There are more where these came from...

The players are excited to put the uniforms on. The recruits are going to Oregon because the uniforms are cool. It’s the feeling the colors bring, as Grosz indicates that “[in] the case of battling birds, many territorial struggles are primarily theatrical, staged, a performance of the body at its most splendid and appealing...” (68) The Oregon Ducks have won the theatrical battle as soon as they’ve entered the stadium because the creators of their uniforms understand that the look is half of the battle.

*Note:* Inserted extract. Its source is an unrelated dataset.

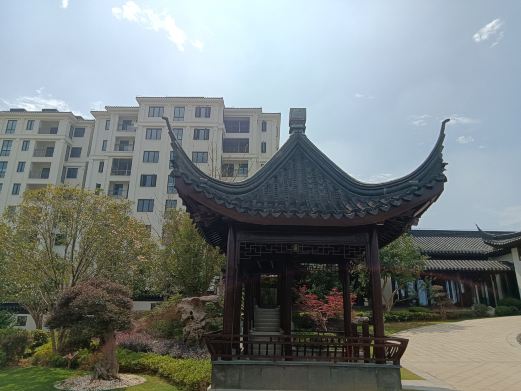 南湖公园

The architecture of game draws the eye to the human body as it does amazing things in the chaotic realm of sport where anything in the confines of the territory (physical space and rules and expectations of the game) can happen. The exact opposite can be said about games that are played outside of manmade edifices. Rock climbing or off-road biking, for example, are games in which athletes who are made of more human “stuff” than their coliseum-corralled counterparts are out to conquer nature. The eye of the spectator is looking at the beauty of nature and questioning whether the athlete can win. “Is the athlete more impressive than the nature that he or she aims to overcome?” is the question that we might ask. The athlete in nature becomes a work of art only in defeating nature. If the athlete loses, if he or she doesn’t reach the peak of the mountain, he or she is forgotten while the mountain still radiates its beauty. The athlete playing against nature had best not lose, or he’ll relinquish the possibility of attaining athletic beauty. The athlete who performs in the confines of the architecture of game is always beautiful, like art in an exhibit.